Dorothy Ashby began playing the piano in the jazz scene in Detroit, though by 1952 she had made the harp her main instrument. At first her fellow jazz musicians were resistant to the idea of adding the harp, which they perceived as an instrument of classical music and also somewhat ethereal in sound, into jazz performances. So Ashby overcame their initial resistance and built up support for the harp as a jazz instrument by organizing free shows and playing at dances and weddings with her trio. She recorded with Ed Thigpen, Richard Davis, Jimmy Cobb, Frank Wess and others in the late 1950s and early 1960s. During the 1960s, she also had her own radio show in Detroit. Carol Robbins is one of the world's few jazz harpists. She studied with the great jazz harpist Dorothy Ashby. She has worked extensively in the Los Angeles studios and has performed and recorded with such artists as Teddy Edwards, Billy Childs, Brian Wilson, Carly Simon, Dianne Reeves, Bjork, Linda Ronstadt, Jose Feliciano, and Manhattan Transfer.

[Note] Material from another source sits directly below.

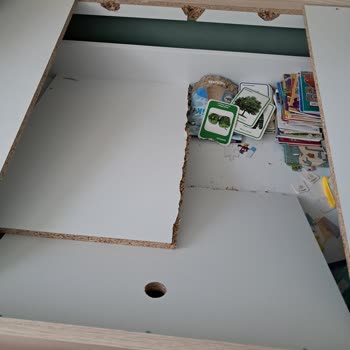 Zayıf Malzeme Ve Yetersiz Servis Desteği Hayal Kırıklığı Yarattı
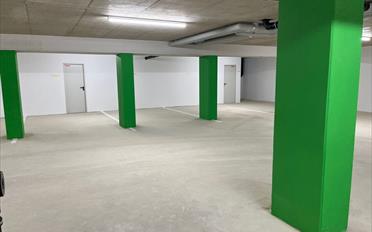 Wohnung 4.5 Zimmer - image - 13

(clips of jazz harp music on link)

One of the best-known jazz harpists: Edmar Castaneda

When Castaneda was 16, though, he moved with his family to New York. There, he discovered jazz — Charlie Parker, Chick Corea. He started playing in restaurants and toting his harp to jam sessions. He's created a personal style that blends elements of both kinds of music. "My father always wanted me to be a trumpet player," Castaneda says. "Then I came [to the U.S.], and in high school here, they have bands. They didn't have harps. And then I wanted to play jazz. So I went to college playing the trumpet, and it was great, because I learned all the jazz improvisation, and I just passed it to the harp." These days, he performs with the likes of singer Lila Downs and Latin jazz bandleader Paquito D'Rivera. Castaneda recently tried to describe his approach to playing to independent producer David Schulman for the Musicians in Their Own Words series.

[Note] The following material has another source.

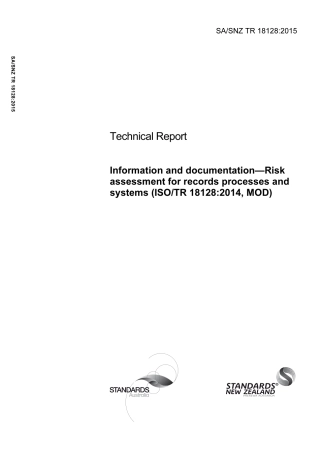 SA SNZ TR 18128-2015.pdf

Other well-known jazz harpists are Park Stickney and Rossitza Milevska.

Although Park Stickney claims that it wasn’t his plan at the age of 10 to become a world-traveling jazz harpist, he did, in fact, embark on that path then by competing in the first International Jazz and Pop Harp Festival. Since then, after finishing his studies at the Juilliard School in New York, he has traveled across Europe, Asia and the U.S., as a soloist and teacher, as well as with a variety of ensembles whose music ranges from jazz to classical to rock.

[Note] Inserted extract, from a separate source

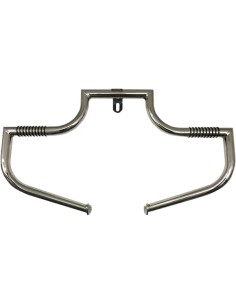 Linbar® Highway Bar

An active teacher, Stickney is visiting Professor of Jazz Harp at the Royal Academy of Music in London. He has given masterclasses at the the Juilliard School, the Chopin Conservatory in Warsaw, the Hochschule für Musik und Theatre in Munich, the Barcelona Conservatory, the Ecole de Jazz et Musique Actuelle in Lausanne, and in Italy in the Conservatories of Torino and Pesaro, and has been on the faculty of the International Jazz and Pop Harp Festival since 1995. He also teaches privately in Geneva and New York.

(clips on this link)

Born and raised in Sofia, Bulgaria, Rossitza Milevska cultivated her admiration for music at the National School of Music. In 2008 Rossitza won the 1st prize at the "Tremplin Nice Jazz Festival" with her trio and became the first jazz harpist who had a concert on the stage of The Nice Jazz Festival. In addition to the frequent solo and chamber music recitals in Europe, Ms Milevska has performed with her Jazz Trio in prestigious Jazz and Harp festivals, such as The Nice Jazz Festival, The 7th European Harp Symposium in Cardiff, The World Harp Congress, Amsterdam, and The International Harp Festival in Avesnois.